Keje would never have known that much if
Walker
hadn’t come. They’d already done so much for his people, from that first time they helped save his ship until now. If it hadn’t been for their timely appearance, the People might already have been scattered again. Keje would certainly be dead. Far from being a party to the evil that descended upon them, Keje believed the Amer-i-caans were a gift: deliverers sent to aid them in this terrible time. That was all very well as far as the People were concerned, but it was terribly unfair to the deliverers.
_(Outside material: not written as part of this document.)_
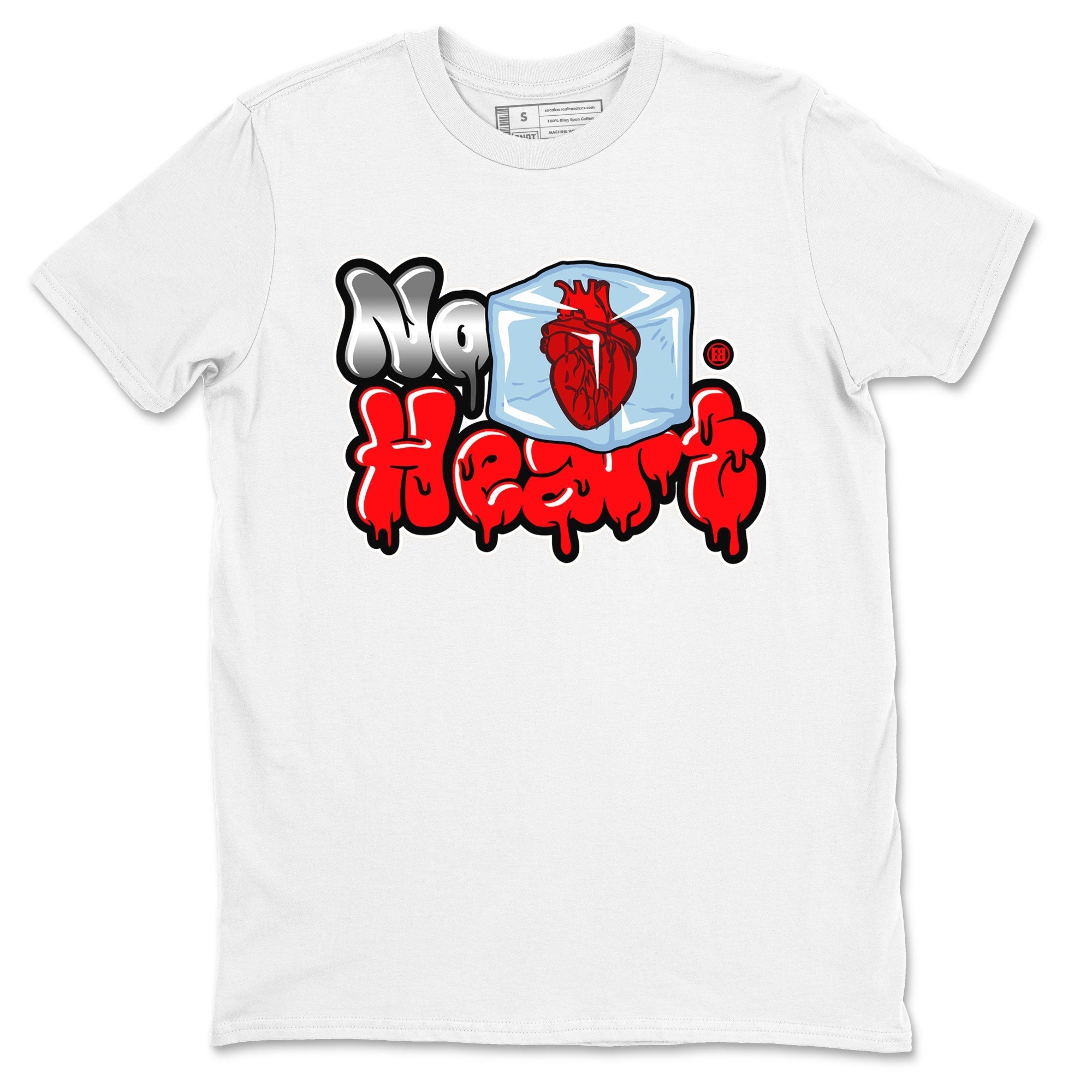 No Hearts snkmatch Tee - Air Jordan 12 Cherry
Whatever force for evident good had sent them to this place, its dark counterpart balanced that act by sending
Amagi
to their enemies. Fleetingly, he wished he were facing this battle beside his friend in
Walker
’s pilothouse, underneath that great colorful flag. Keje knew he was where he needed to be, however. His duty to his people—his family—dictated that he make this fight here, upon his precious Home.

He felt a presence behind him and turned. There stood his daughter, Selass, holding forth his polished armor. He already wore his finest embroidered jerkin and his old, heavy-bladed scota at his side. Reaching for the armor, he saw that the fur around Selass’s eyes was matted with tears, and for the first time in so very long he saw the true face of his daughter once more. Gone was the rebellious arrogance and air of condescension she’d so carefully honed. In its place there remained only a sad, wistful softness. He knew of her friendship with San-draa Tucker, and her dutiful attempts to help the tragic, tormented Saak-Fas come to terms with his ordeal. He also knew of her hopeless love for Chack, the one she’d once spurned. Now she’d lost them both. Saak-Fas had gone to
Mahan
. By all accounts he performed his duty, but Jim Ellis told him that he rarely spoke. Chack had earned distinction and the favor of an exotic foreign queen. The only things Selass had left were her Home and her father, and she stood on the brink of losing them as well. Keje’s heart shattered within him, and he took his daughter in his arms.